Re 3: You did not explain how “variation independent” is a misnomer. As far as I can see the term is unambiguous and I do not see how the term could be mistaken for something else. So how is VI a misnomer? I could see the term as sounding too technical, and another equivalent term like “range independence” might be clearer to most readers. Still, VI is precise and has an established usage over generations of math stat.

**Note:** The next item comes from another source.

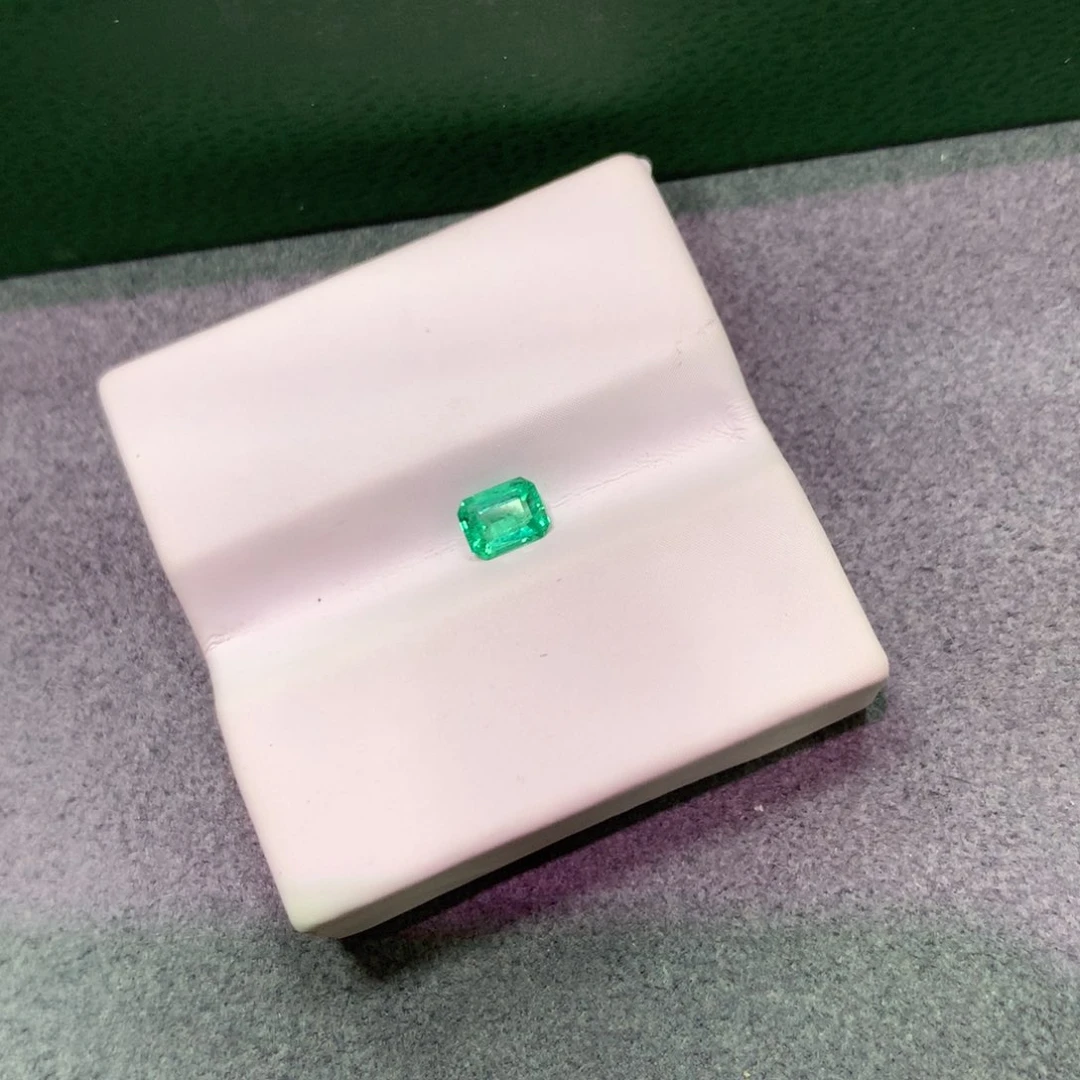 裸石未镶嵌祖母绿0.28ct 13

In contrast, “closure” already has established uses for other, unrelated concepts such as the combination of a region and its boundary, and a specific statement formed by binding all free variables in an expression. Thus, as with “consistency”, “closure” risks confusion should the different concepts with the same label arise in the same discussion. Also notable is how your comment ends by invoking yet another meaning of “closure”. So if you use “closure” in teaching I would advise cautioning that it has multiple technical as well as ordinary English meanings.
It seems like there is a general agreement that no modelling strategy dominates others in all cases. So while there may be reasonably strong prior (or expert) information that suggests the logistic model is a good default (ie. the opinion of @f2harrell ), it might not reflect all uncertainty that a skeptical audience might have (@AndersHuitfeldt).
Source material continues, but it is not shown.